The Bank’s asset quality remains satisfactory given the challenging environment in the Netherlands. At end-March 2014, the level of impaired residential mortgage loans remain unchanged from end-2013, at 1.1% of the portfolio, whilst impaired loans in the commercial loans portfolio were also relatively stable. At end-March 2014, the overall impaired customer loan ratio was 2.7%, down 20 bps from end-2013 primarily reflecting the increased client flow for securities financing transactions. Despite this stabilisation, and the tentative signs of a recovery in the Dutch economy, DBRS will continue to closely monitor the Bank’s asset quality, especially given the Bank’s focus on the Netherlands.
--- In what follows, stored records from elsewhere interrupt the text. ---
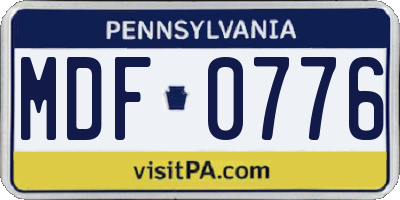 PA license plate MDF0776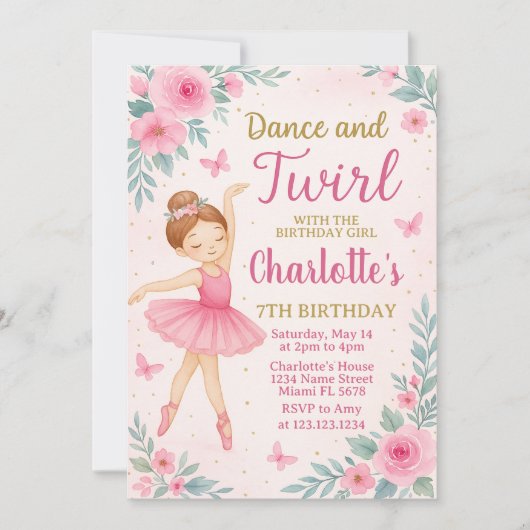 Carte Pink & Gold Dance Party pour filles (Devant)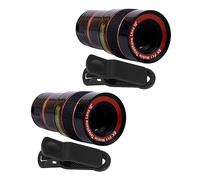 Angoily 2pcs Universal Clip-on Long Focus Macro Phone Camera Lens Set for Mobile Photography, Black, Compatible with Smartphones, Portable Lens Attachment for Detailed Close-up Shots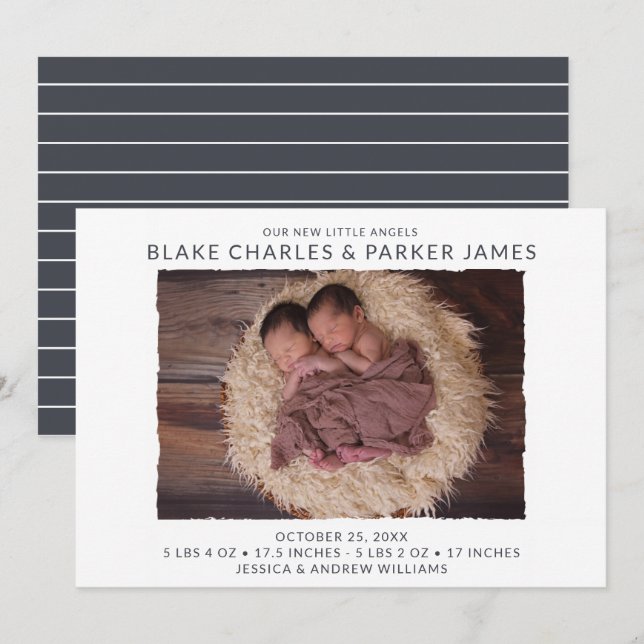 Twin Boy Foto Birth Ankündigung (Vorne/Hinten)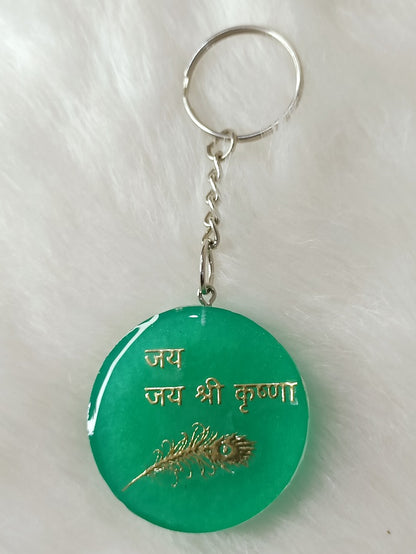 Haute Crafts "Jai Shree Krishna" Theme Keychain - Resin Alphabet Initial Letter Keychain Key Ring for Women Girls Purse Handbags, Bike, Car Keyring.Home, Small Gifts 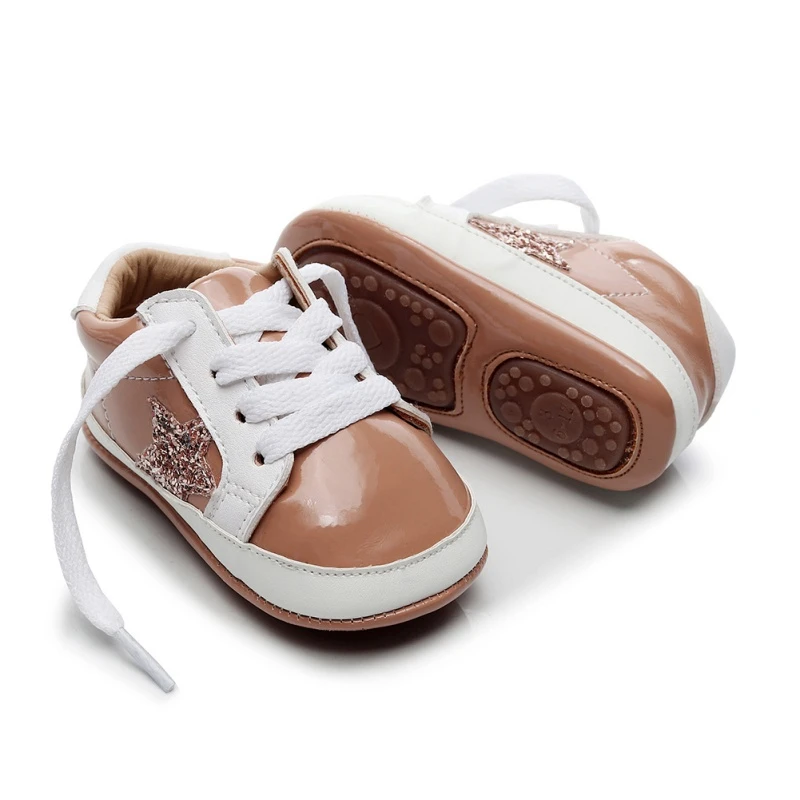 Лоскутная нескользящая обувь с принтом звезды; кроссовки для малышей; обувь на мягкой подошве для маленьких мальчиков и девочек; повседневная обувь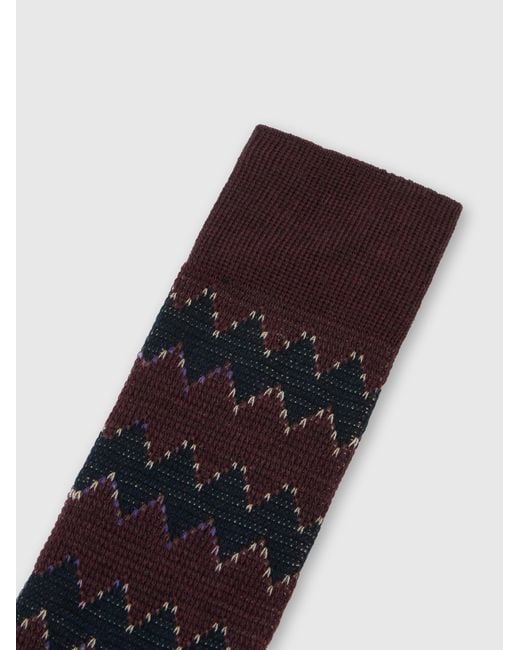 Missoni Multicolor Zig Zag Wool And Cotton-Blend Ankle Socks for men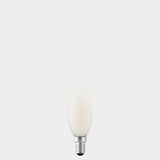 Dulora 4.2W Candle LED Bulb E14 Porcelain in Warm White, shown unlit.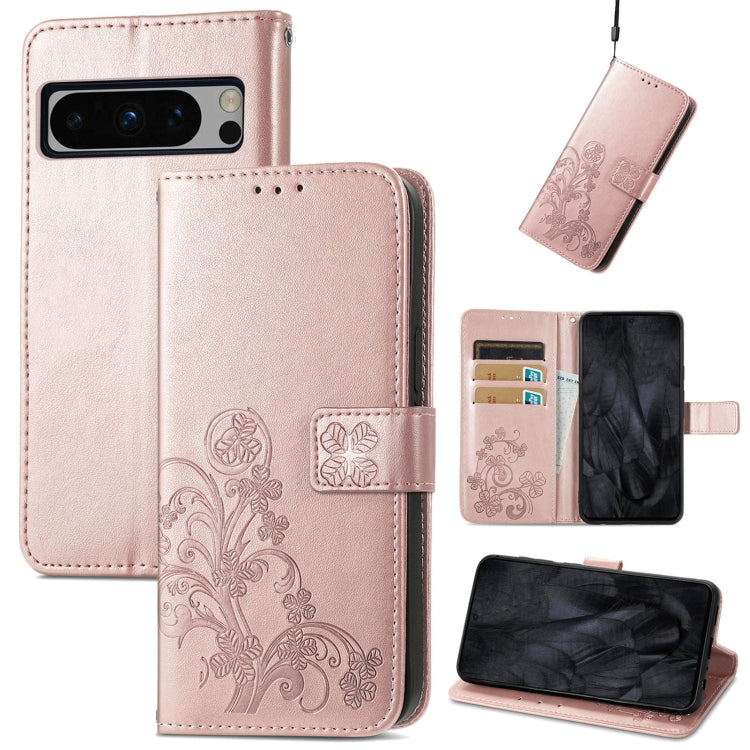 Four-leaf Clasp Embossed Buckle Leather Phone Case, For Google Pixel 9 Pro XL, For Google Pixel 9, For Google Pixel 8a, For Google Pixel 8 Pro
ABN AMRO has continued to strengthen its balance sheet, and posted solid capital ratios at the end of Q1 2014. The pro-forma fully-loaded CRD4 Common Equity Tier 1 (CET1) ratio was 12.9%, up 70 bps from end-2013, and the Basel 3 fully-loaded leverage ratio was 3.6%, an increase of 10 bps from end-2013. DBRS notes that ABN AMRO already meets the Dutch Central Bank’s additional capital requirements, which will result in a minimum CET1 ratio requirement of 10% by end-2019. As a result of this, and the Bank’s solid internal capital generation, DBRS considers the Bank to be well placed to manage the impact of the evolving regulatory environment. Funding also remained stable in the quarter, with the loan-to-deposit ratio reducing to 119%, from 121% at end-2013, and the net stable funding ratio (NSFR) increasing to 111% from 105% at end-2013.

DBRS rates ABN AMRO Bank N.V. at A (high) with a Stable trend for Long-Term Debt & Deposits.

Notes:
All figures are in Euros (EUR) unless otherwise noted.